Carter, J.:
At the Fall term, 1897, of the Circuit Court of Baker county, the plaintiff in error was convicted upon an indictment charging him with breaking and entering á certain building, to-wit: a store-house, the property of one Mrs. Pons, with intent to commit a misdemeanor. The defendant moved the court to grant a new trial upon the ground, among others, that the verdict was *201Contrary to the law and evidence. This motion was overruled, and from the sentence imposed upon him he sued out this writ of error.
Only one witness testified to .the character of the building alleged to have been broken and entered, and he designated it as “Mrs. Pons’ gin-house.” He stated that he was bookkeeper for Mrs.' Pons, and had been for many years; that she carried on a general merchandise business, and that she had a gin-house, store-house and dwelling, at Sanderson; that the store-house and gin-house were separate and distinct buildings, located about one hundred yards apart, and had been thus located and separated for many years; that he knew what a gin-house was, and also what a store-house was; that this building was generally known as a gin-house, while the store building was generally known as a store-house; that the breaking and entering occurred in February, 1897, and the ginning season generally began in October, and lasted until March. He testified further that cotton seed and toll corn were sometimes stored in the gin-house building; that at the time of the trial Mrs. Pons buggy was in there, and that she kept other things in the building as occasion required. He stated further that in the gin-house were located the gins, machinery, &c., necessary to carry on the business, and that Mrs. Pons also stored cotton, cotton seed, and sometimes corn and other things in the building, but that this building was known, called and designated by the people in the community as a gin-house, and the building containing the stock of general merchandise was known and called the store-house.

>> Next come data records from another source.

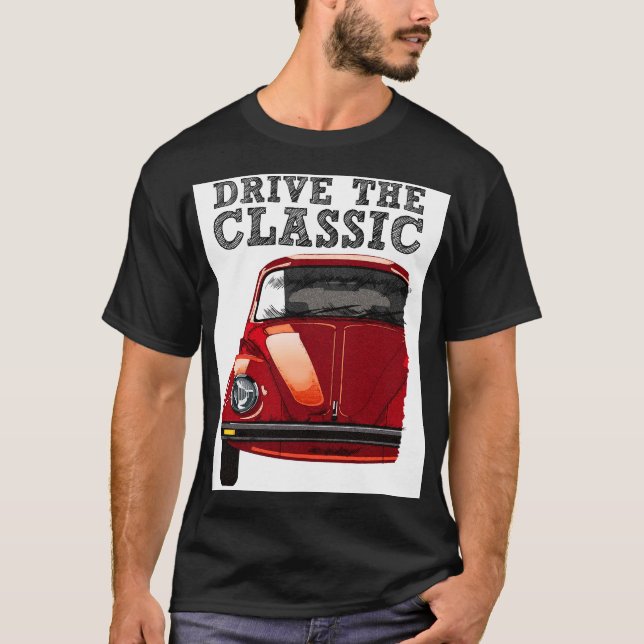 Camiseta dirija o clássico-vw fusca (Frente)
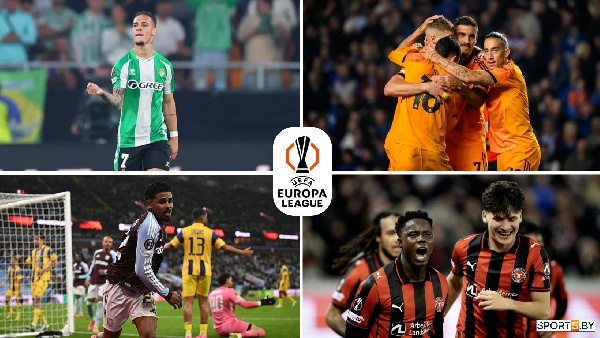"Рома", Астон Вилла" и "Бетис" обошлись без сюрпризов, а "Брага" и "Генк" выдали шоу: итоги дня в ЛЕ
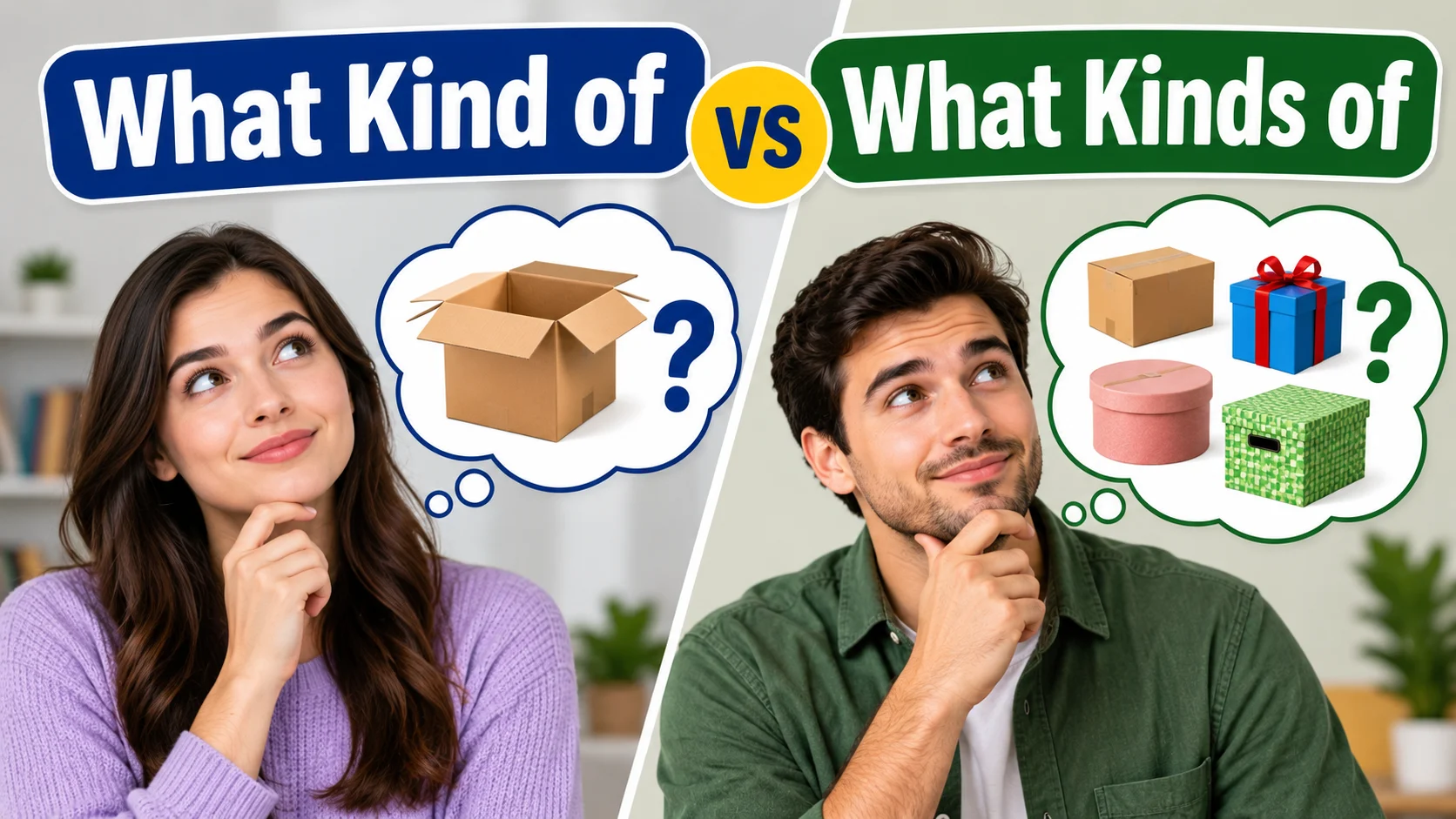 What Kind of vs What Kinds of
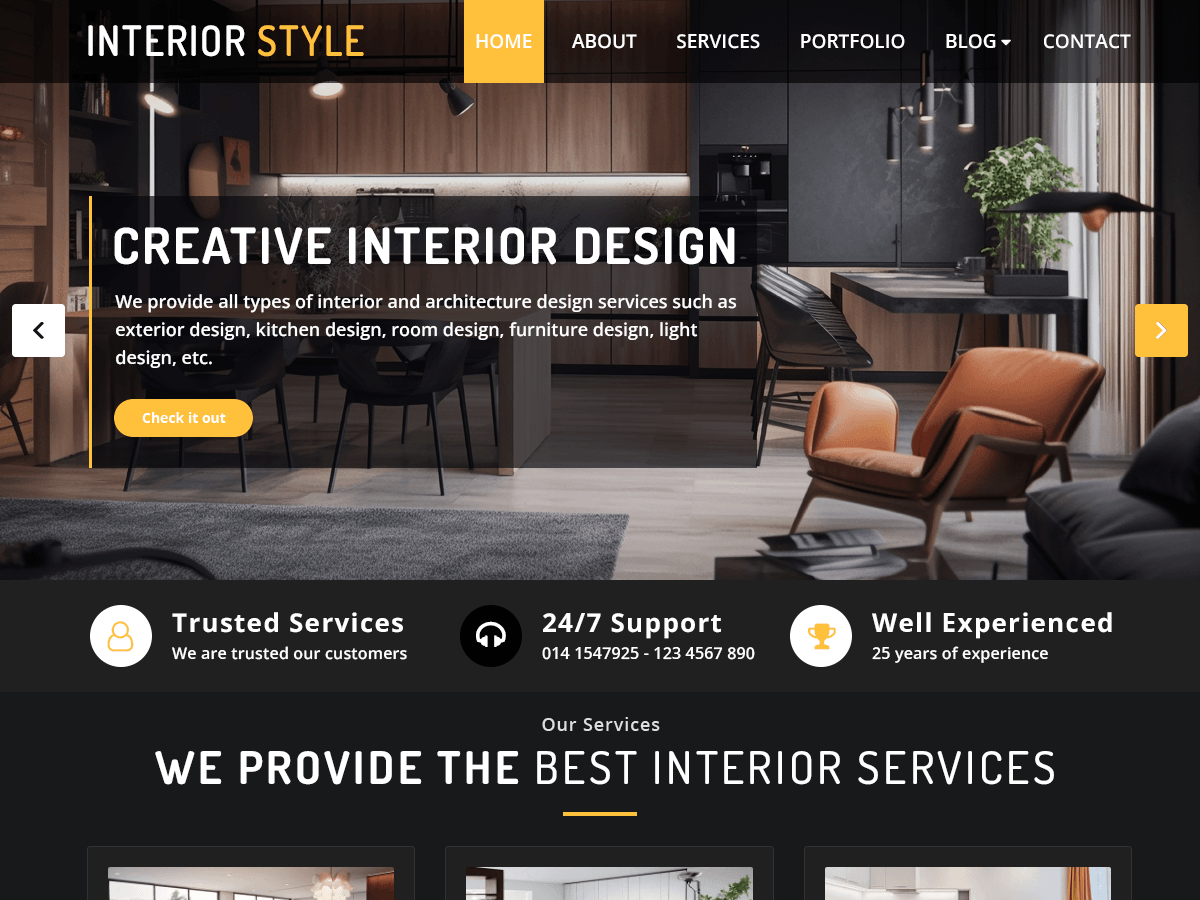 Interior Style theme screenshot
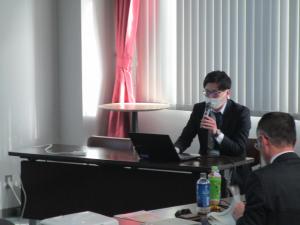 ハイテクプラザ渡邊副主任研究員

The court should have granted defendant’s motion for a new trial because of a variance between the allegation and proof descriptive of the building alleged to have *202been broken and entered. In Glover v. State, 22 Fla. 493, it is said that in an indictment for larceny the article charged to have been stolen should be sufficiently described so that there may be no doubt of its identity ; that this is required for the protection of the accused, so that in the event of a future prosecution for the same offense there may be no doubt of the identity of the article so alleged to have been stolen; that the evidence must also substantially correspond with the description in the indictment, and that such articles may be described by the name by which they are generally known. In that case the indictment described the article as a “gold watch,” and although according to the testimony of an expert the watch proven was not a gold watch, but what was known to the trade as a “filled case” watch, yet as it was known as and called by people generally, a gold watch, there was no variance, because it was impossible that the defendant could have been mistaken as to the article with the larceny of which he stood charged. The indictment in this case charged defendant with breaking and entering a building, to-wit: a store-house, but the evidence shows that the building which was broken and entered was not a storehouse, but a gin house. It is true that other articles disconnected from the ginning business were sometimes stored in the building, but that did not change the nature or character of the building which was primarily a gin-house — “a building where cotton is ginned” — nor make it a store-house — “a building for keeping goods of any kind, especially provisions —a magazine — a repository — a ware-house,” especially in view of the testimony that this building was generally known, called and designated by the people' in the community as. a gin-house, while the store building, one hundred yards away, was generally known and desig*203nated as a store-house., The indictment did not advise defendant to prepare to defend a charge of breaking and entering Mrs. Pons’ gin-house, nor could a former conviction or acquittal of the charge alleged in this indictment be pleaded in bar of another prosecution for breaking and entering “Mrs. Pons’ gin-house” with intent, & c.
The judgment is reversed, and a new trial granted.